_Source material_

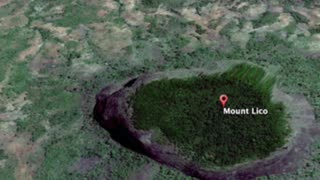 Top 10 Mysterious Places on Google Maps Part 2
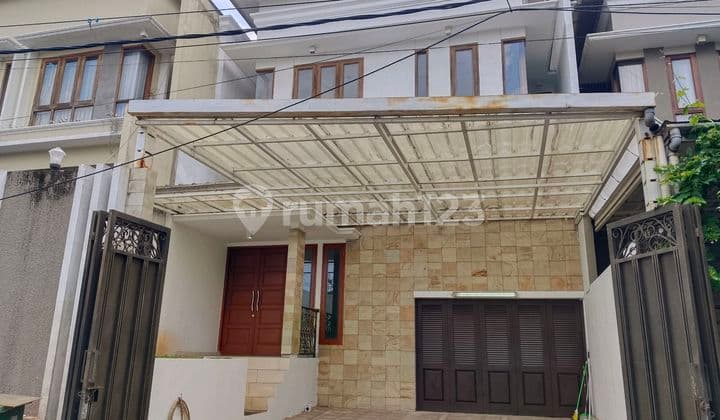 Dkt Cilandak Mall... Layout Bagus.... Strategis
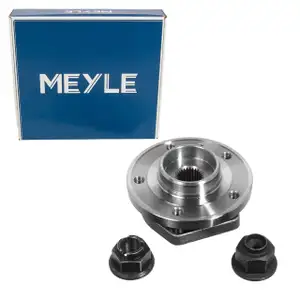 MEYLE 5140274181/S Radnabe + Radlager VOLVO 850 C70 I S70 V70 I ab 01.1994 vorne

...

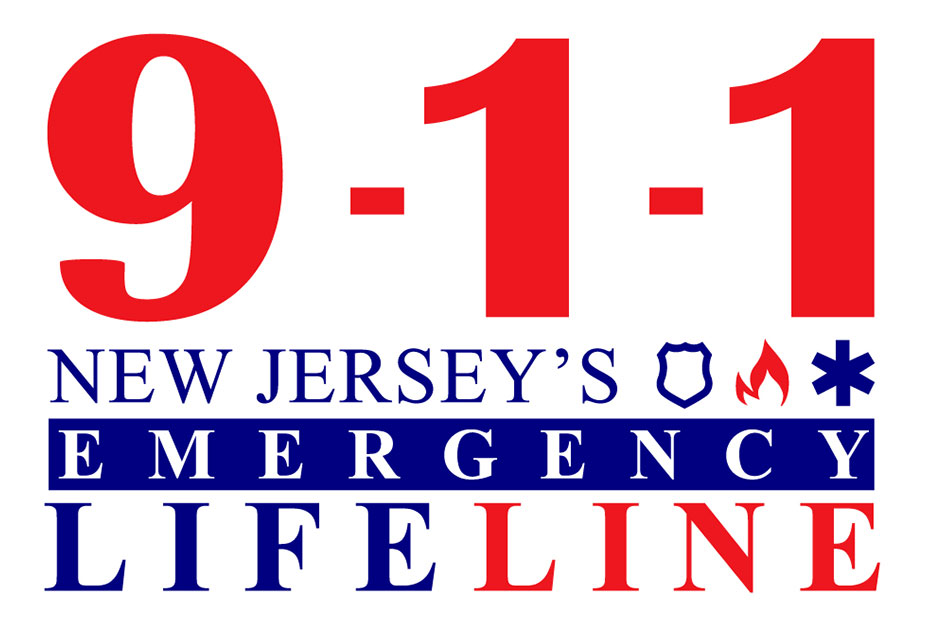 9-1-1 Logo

_Assigned task_
In the records above, everything from the line with "Dkt Cilandak Mall..." down to the line with "MEYLE 5140274181/S Radnabe" must be duplicated exactly, both lines kept. Leave no pictures in.

_Reply to the exercise_
 Dkt Cilandak Mall... Layout Bagus.... Strategis
 MEYLE 5140274181/S Radnabe + Radlager VOLVO 850 C70 I S70 V70 I ab 01.1994 vorne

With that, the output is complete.